As coisas passam-se de forma algo diferente na Flâneur. Aqui, os livros estão nas estantes e parecem menos arrumados do que achados. É uma livraria que se projeta no futuro recuperando aquelas coisas que gostaríamos de salvar entre o que ardeu. Lembra-nos a resposta inquietante de Jean Cocteau a um daqueles inquéritos banais com que eram achacados os escritores: “Se a sua casa estivesse em chamas, o que salvaria?” Ele respondeu: “O fogo.”

E talvez tenha sido antes de tudo para salvar o fogo, aquele capaz de consumir bibliotecas inteiras, reduzi-las a cinzas, que Arnaldo Vila Pouca e Cátia Monteiro abriram, em setembro de 2015, este espaço arrumado harmoniosamente entre os números 225 e 229 da Rua Ribeiro de Sousa, no Porto. Conheceram-se como colegas enquanto trabalhavam numa Livraria Bertrand e descrevem ao i como da desilusão nas horas de expediente, nas conversas que foram tendo, planearam a sua fuga. A maior cadeia livreira do país impunha-lhes condições que lhes pareceram, primeiro, estranhas e depressa acabaram por tornar-se insuportáveis, diz Cátia, explicando que a rotina logo atropelou o encanto que traziam como leitores inveterados, desejosos de um trabalho que lhes permitisse passar o dia rodeados de livros.

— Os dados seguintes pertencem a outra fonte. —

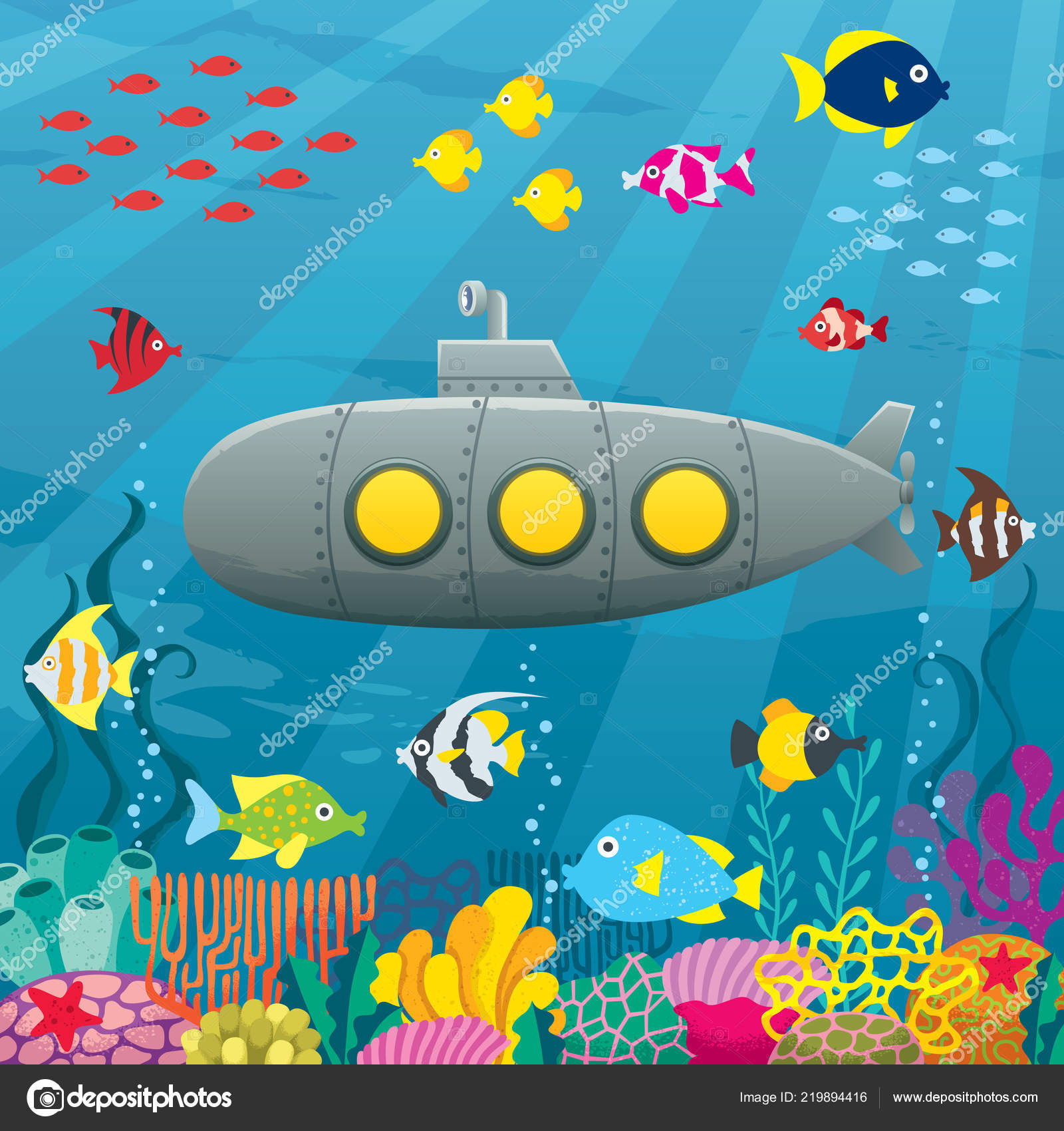 Submarine Cartoon Background Stock Vector Image by ©Malchev #219894416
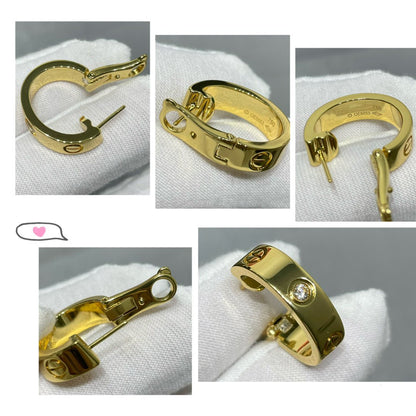 [Luna Brilliance]LOVE 5.5MM 1 DIAMOND EARRINGS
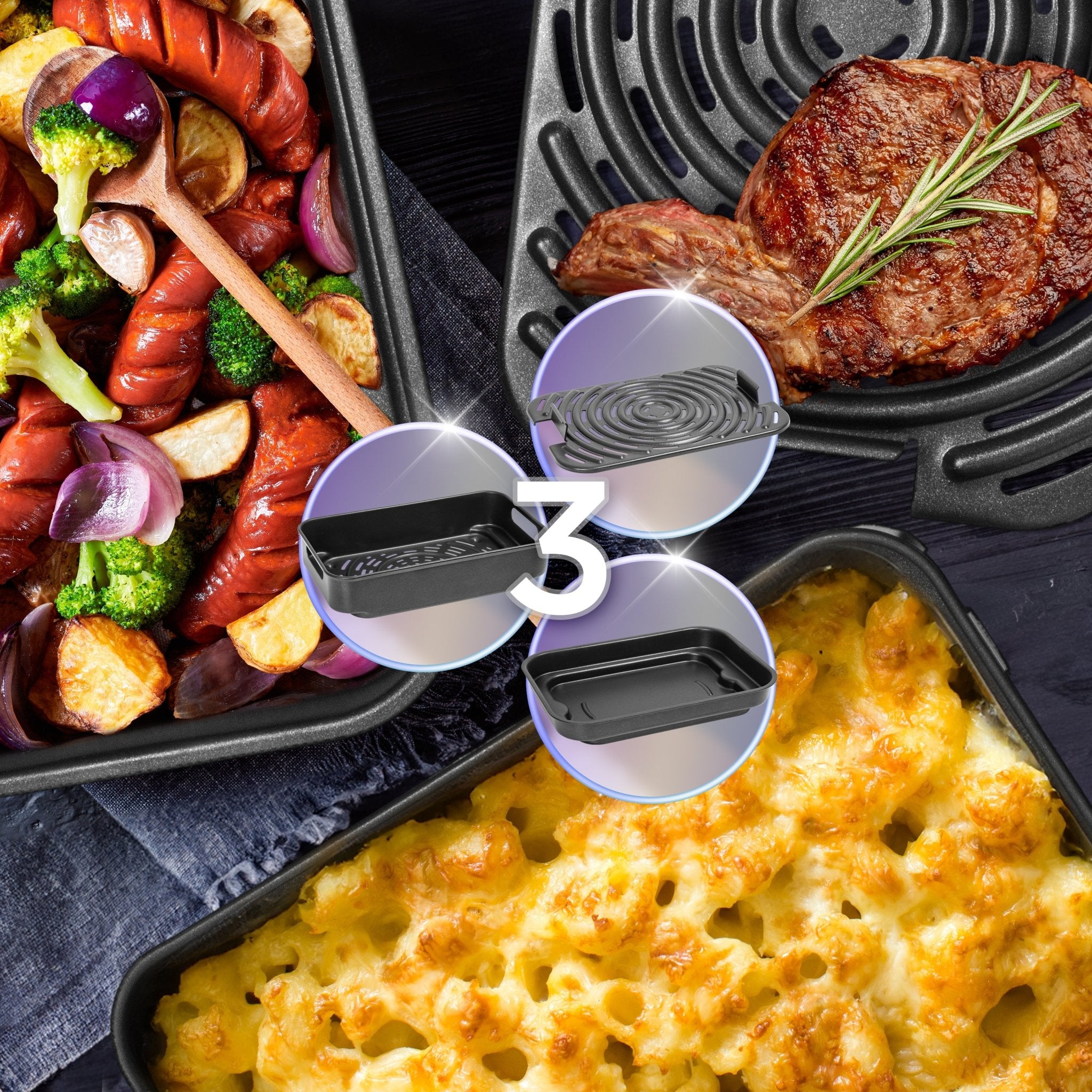 Duronic FG19 air fryer grill with 3 grill inserts for various foods like roasted vegetables, meat, macaroni and cheese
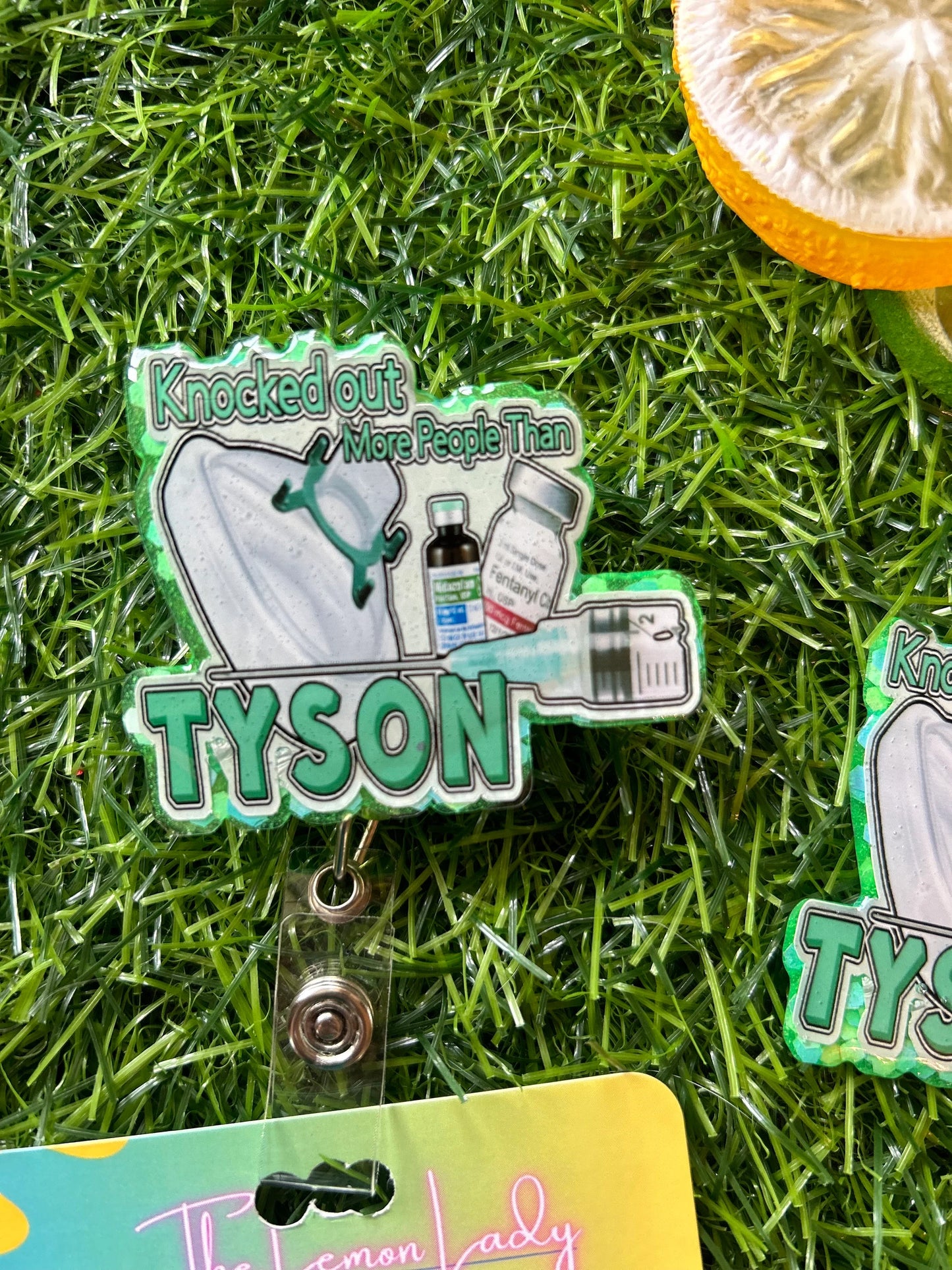 Anesthesia Badge Reel, Funny Knocked Out Like Tyson Badge, CRNA Nurse Badge Holder, Sedation OR Badge Clip, PACU Gift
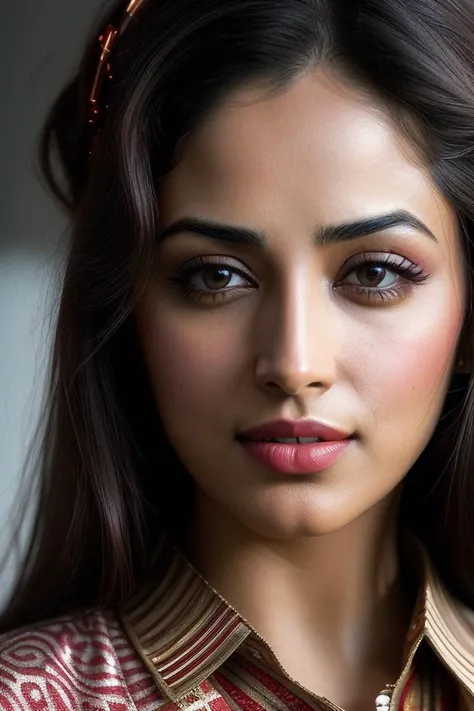 beautiful woman (Y4m1G4ut4m:.99), beautiful hair  , ((portrait)), (closeup:1.2), ((from the waist up)), (((  A high-tech virtual reality arcade, where visitors can immerse themselves in interactive digital worlds :1.2 ))), natural skin texture, ((red lips)), ((  Geometric print blouse and trousers :1.2)), 24mm, 4k textures, soft cinematic light, adobe lightroom, photolab, hdr, intricate, elegant, highly detailed, sharp focus, ((((cinematic look)))), soothing tones, insane details, intricate details, hyperdetailed, low contrast, soft cinematic light, exposure blend, hdr, faded, now, ("I've got a bad feeling about this.":1.1)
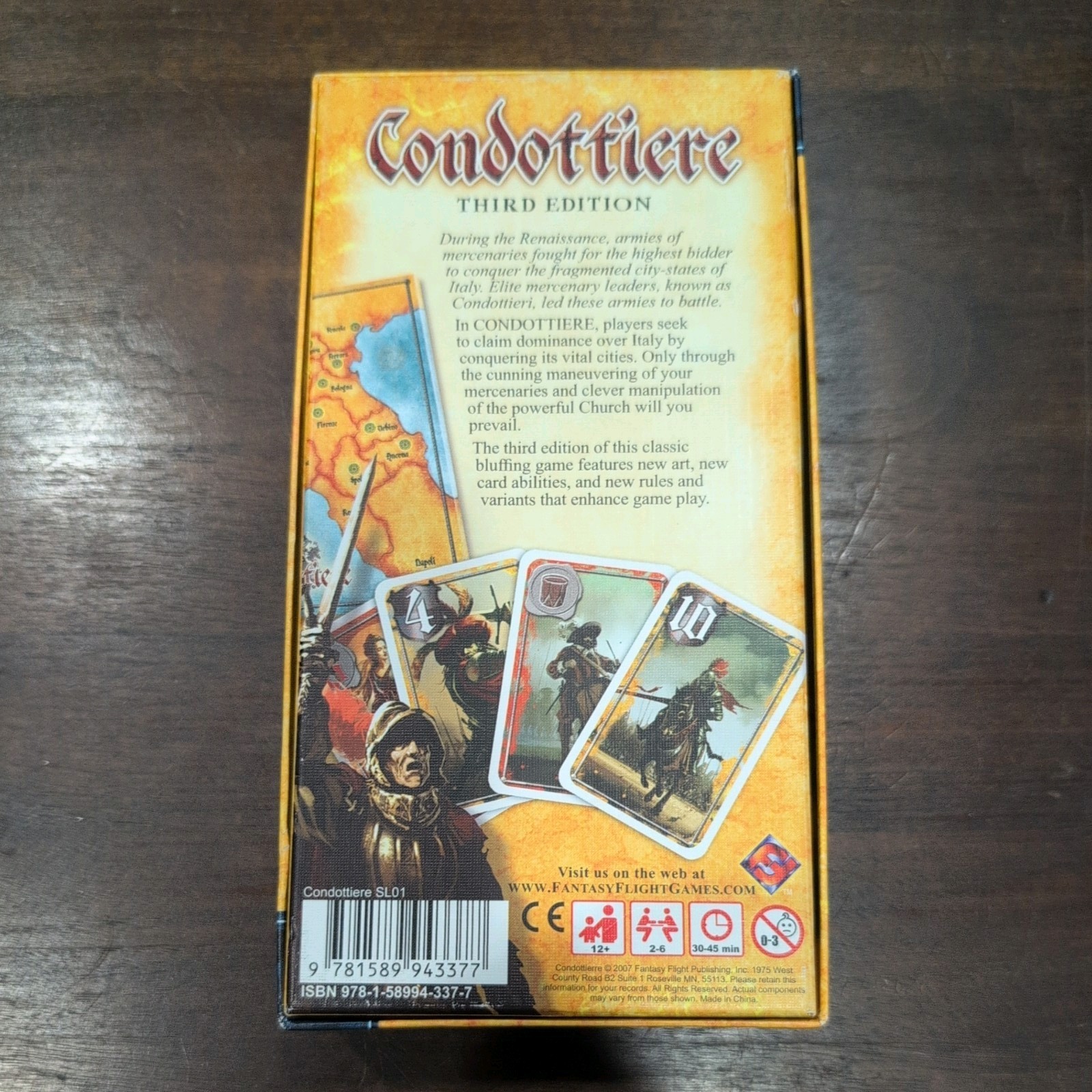 Condottiere 3rd Ed. Complete Renaissance Strategy Fantasy Flight Games Near Mint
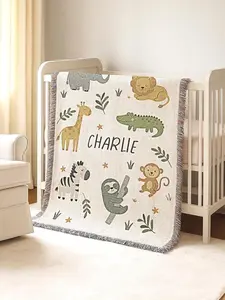 Safari Baby Blanket with Name, Woven Cotton or Fleece Blanket, Jungle Animals Newborn Blanket, Keepsake Heirloom Gift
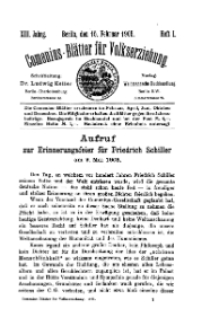 Comenius-Blätter für Volkserziehung, 15 Februar 1905, XIII Jahrgang, Heft 1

Vamos então às cláusulas em letra miúda e que normalmente ignoramos como meros detalhes, mas que logo nos constroem o cerco infernal que tira o gosto aos dias. Cátia explica que o livreiro era despido de quaisquer veleidades de fazer uso das suas preferências enquanto leitor no atendimento aos clientes. Não havia margem para existir senão nas linhas do “guião” que a empresa distribuía aos “colaboradores” de forma a conduzir os clientes até aos produtos que lhe garantiam mais lucro. A cada semana, esclarecem, havia uma lista de títulos pré-selecionados, e todos os conselhos ao cliente tinham de passar por esse móvel de destaques. Na maioria dos casos, tratavam-se dos livros da própria editora ou do grupo que a comprou, a Porto Editora. Ou seja, aqueles que garantem o sucesso da aposta de integração vertical no mercado do livro.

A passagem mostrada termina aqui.